## About this exercise
Take the material below and output exactly the run of lines from the one containing "Groupie character from The Flintstones" down to the one containing "استطلاع المكاتب التجارية", with both included.

*** Block opens ***

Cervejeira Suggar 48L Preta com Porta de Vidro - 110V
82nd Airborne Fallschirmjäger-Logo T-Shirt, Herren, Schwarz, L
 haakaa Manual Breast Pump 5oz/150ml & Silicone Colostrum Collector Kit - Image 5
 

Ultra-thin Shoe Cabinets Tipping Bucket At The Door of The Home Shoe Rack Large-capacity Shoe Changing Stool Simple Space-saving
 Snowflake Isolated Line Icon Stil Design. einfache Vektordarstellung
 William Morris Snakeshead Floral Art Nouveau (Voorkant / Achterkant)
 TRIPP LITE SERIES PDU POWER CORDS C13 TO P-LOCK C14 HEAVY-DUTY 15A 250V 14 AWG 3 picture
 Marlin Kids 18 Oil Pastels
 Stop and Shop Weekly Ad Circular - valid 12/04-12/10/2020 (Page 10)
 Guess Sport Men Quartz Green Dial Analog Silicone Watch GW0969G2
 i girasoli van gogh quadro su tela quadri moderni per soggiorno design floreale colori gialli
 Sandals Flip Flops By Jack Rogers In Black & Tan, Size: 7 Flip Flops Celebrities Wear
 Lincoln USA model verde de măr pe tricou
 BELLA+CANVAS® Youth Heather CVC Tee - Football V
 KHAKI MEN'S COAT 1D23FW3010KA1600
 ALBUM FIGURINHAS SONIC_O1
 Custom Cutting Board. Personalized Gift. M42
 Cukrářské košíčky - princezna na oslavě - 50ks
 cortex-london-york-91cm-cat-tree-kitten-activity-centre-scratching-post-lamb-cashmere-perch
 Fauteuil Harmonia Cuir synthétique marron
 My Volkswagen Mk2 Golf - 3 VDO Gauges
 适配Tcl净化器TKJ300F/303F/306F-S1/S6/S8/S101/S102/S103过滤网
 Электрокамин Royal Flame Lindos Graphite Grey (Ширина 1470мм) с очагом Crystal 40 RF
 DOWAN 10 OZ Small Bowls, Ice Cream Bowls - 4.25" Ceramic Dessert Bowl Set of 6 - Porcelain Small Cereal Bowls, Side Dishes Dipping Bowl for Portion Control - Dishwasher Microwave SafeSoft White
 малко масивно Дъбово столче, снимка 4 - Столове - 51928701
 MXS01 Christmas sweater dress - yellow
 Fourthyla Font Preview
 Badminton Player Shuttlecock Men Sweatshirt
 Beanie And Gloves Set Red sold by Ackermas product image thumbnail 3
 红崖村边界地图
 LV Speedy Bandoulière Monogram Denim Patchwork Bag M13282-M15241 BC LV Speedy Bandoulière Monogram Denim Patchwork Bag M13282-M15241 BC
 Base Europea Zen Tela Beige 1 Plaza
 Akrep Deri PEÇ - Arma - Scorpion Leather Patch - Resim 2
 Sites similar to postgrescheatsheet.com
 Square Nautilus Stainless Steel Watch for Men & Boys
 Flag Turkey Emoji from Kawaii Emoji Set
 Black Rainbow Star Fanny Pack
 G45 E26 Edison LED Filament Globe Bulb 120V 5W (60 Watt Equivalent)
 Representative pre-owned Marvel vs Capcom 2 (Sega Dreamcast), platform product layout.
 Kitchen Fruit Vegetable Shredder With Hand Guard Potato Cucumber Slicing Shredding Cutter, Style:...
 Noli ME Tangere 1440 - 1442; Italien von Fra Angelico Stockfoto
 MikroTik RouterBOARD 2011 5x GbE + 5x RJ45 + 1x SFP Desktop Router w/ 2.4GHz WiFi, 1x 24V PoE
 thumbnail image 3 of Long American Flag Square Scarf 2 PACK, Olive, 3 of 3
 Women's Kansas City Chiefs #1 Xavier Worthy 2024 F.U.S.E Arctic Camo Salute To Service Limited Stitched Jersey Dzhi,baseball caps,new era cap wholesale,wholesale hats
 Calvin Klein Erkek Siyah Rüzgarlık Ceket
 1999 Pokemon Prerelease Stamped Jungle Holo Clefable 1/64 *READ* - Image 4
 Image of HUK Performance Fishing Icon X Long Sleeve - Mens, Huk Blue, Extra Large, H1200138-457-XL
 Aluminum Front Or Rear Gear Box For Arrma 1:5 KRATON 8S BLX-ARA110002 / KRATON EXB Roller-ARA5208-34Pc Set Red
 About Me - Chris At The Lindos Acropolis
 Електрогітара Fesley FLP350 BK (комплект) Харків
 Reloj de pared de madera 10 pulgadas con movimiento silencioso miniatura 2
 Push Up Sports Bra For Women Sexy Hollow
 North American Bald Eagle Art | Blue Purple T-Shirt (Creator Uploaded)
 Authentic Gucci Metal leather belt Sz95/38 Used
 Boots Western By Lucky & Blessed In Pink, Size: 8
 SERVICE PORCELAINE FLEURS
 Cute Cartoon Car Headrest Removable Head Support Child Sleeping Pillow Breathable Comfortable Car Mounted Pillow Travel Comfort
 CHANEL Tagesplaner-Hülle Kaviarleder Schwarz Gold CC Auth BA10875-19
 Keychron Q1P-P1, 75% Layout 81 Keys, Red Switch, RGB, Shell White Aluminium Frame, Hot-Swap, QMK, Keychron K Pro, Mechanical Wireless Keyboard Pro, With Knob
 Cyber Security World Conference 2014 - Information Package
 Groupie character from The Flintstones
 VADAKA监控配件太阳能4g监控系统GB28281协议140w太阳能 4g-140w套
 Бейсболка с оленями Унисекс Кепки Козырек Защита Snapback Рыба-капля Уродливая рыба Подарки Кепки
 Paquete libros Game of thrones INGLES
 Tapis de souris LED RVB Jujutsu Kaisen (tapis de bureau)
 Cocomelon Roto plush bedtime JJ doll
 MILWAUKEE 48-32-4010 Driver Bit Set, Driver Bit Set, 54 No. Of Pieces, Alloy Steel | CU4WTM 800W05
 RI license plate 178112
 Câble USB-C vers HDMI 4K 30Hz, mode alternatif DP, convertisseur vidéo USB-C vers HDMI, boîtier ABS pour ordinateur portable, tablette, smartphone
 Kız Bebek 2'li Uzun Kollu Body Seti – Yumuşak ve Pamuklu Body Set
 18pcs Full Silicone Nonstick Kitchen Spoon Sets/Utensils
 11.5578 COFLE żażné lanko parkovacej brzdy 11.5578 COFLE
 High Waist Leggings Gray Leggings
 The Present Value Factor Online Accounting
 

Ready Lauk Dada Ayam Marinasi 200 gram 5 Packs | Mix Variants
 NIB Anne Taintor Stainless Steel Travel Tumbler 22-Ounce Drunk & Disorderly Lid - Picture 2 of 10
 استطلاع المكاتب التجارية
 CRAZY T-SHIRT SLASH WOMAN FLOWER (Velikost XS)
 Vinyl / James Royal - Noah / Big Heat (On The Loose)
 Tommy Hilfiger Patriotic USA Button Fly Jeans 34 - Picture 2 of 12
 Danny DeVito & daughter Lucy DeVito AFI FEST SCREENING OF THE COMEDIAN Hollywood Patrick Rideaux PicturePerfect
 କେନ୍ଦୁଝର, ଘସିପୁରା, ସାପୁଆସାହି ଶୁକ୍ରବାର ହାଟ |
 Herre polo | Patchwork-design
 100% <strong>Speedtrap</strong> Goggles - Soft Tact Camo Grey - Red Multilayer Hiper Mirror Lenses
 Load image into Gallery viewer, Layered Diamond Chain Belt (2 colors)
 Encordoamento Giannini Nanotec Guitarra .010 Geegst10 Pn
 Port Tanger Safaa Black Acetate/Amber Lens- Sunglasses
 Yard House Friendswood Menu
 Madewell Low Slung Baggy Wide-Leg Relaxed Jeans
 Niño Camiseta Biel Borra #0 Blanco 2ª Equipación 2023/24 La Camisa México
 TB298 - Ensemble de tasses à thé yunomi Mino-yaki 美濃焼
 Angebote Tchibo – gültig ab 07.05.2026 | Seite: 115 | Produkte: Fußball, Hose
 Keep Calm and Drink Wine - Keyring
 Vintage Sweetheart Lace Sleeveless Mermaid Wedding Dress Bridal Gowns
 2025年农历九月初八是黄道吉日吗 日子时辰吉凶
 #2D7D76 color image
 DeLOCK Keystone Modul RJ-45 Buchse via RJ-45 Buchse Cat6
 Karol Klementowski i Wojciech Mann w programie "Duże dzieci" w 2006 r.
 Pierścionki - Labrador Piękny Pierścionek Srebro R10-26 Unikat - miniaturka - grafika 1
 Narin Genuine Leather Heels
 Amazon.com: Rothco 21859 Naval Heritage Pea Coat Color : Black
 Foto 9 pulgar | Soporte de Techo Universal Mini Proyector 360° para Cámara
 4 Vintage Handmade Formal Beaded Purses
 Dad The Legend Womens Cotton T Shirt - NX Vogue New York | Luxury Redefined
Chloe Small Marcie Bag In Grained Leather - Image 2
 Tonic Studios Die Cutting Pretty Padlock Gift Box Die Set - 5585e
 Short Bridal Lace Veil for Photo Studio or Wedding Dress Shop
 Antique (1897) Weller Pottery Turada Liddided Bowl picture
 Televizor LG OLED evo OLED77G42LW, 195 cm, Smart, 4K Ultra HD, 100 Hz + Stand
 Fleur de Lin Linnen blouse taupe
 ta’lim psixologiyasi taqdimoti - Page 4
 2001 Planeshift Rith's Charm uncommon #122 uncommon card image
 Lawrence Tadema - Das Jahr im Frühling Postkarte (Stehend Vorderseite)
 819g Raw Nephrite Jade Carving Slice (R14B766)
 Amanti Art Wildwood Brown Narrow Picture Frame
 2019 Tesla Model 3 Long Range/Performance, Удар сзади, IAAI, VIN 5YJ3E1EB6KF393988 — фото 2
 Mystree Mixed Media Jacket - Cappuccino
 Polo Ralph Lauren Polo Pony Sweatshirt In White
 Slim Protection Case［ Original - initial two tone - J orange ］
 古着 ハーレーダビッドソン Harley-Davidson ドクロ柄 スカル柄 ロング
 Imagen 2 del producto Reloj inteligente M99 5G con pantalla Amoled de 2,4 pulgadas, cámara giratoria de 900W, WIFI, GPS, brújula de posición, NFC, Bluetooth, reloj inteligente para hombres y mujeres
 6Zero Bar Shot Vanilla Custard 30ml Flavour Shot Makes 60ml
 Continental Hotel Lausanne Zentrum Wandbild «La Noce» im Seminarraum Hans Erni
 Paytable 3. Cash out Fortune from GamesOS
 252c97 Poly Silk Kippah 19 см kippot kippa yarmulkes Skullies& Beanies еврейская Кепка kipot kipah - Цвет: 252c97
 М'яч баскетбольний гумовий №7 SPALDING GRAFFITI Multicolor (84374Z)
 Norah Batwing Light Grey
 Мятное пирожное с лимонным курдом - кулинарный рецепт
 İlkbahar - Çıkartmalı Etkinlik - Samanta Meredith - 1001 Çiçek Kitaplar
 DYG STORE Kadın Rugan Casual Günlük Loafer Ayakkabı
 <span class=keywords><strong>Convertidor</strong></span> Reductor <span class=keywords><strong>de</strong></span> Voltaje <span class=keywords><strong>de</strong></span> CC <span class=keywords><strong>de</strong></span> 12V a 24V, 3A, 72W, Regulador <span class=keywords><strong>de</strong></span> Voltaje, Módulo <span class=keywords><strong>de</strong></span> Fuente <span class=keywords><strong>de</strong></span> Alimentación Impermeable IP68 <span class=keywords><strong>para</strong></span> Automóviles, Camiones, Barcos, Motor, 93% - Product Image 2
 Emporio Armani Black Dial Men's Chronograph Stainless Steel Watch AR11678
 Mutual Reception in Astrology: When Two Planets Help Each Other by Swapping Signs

*** Block closes ***

## Completed exercise
 Groupie character from The Flintstones
 VADAKA监控配件太阳能4g监控系统GB28281协议140w太阳能 4g-140w套
 Бейсболка с оленями Унисекс Кепки Козырек Защита Snapback Рыба-капля Уродливая рыба Подарки Кепки
 Paquete libros Game of thrones INGLES
 Tapis de souris LED RVB Jujutsu Kaisen (tapis de bureau)
 Cocomelon Roto plush bedtime JJ doll
 MILWAUKEE 48-32-4010 Driver Bit Set, Driver Bit Set, 54 No. Of Pieces, Alloy Steel | CU4WTM 800W05
 RI license plate 178112
 Câble USB-C vers HDMI 4K 30Hz, mode alternatif DP, convertisseur vidéo USB-C vers HDMI, boîtier ABS pour ordinateur portable, tablette, smartphone
 Kız Bebek 2'li Uzun Kollu Body Seti – Yumuşak ve Pamuklu Body Set
 18pcs Full Silicone Nonstick Kitchen Spoon Sets/Utensils
 11.5578 COFLE żażné lanko parkovacej brzdy 11.5578 COFLE
 High Waist Leggings Gray Leggings
 The Present Value Factor Online Accounting
 

Ready Lauk Dada Ayam Marinasi 200 gram 5 Packs | Mix Variants
 NIB Anne Taintor Stainless Steel Travel Tumbler 22-Ounce Drunk & Disorderly Lid - Picture 2 of 10
 استطلاع المكاتب التجارية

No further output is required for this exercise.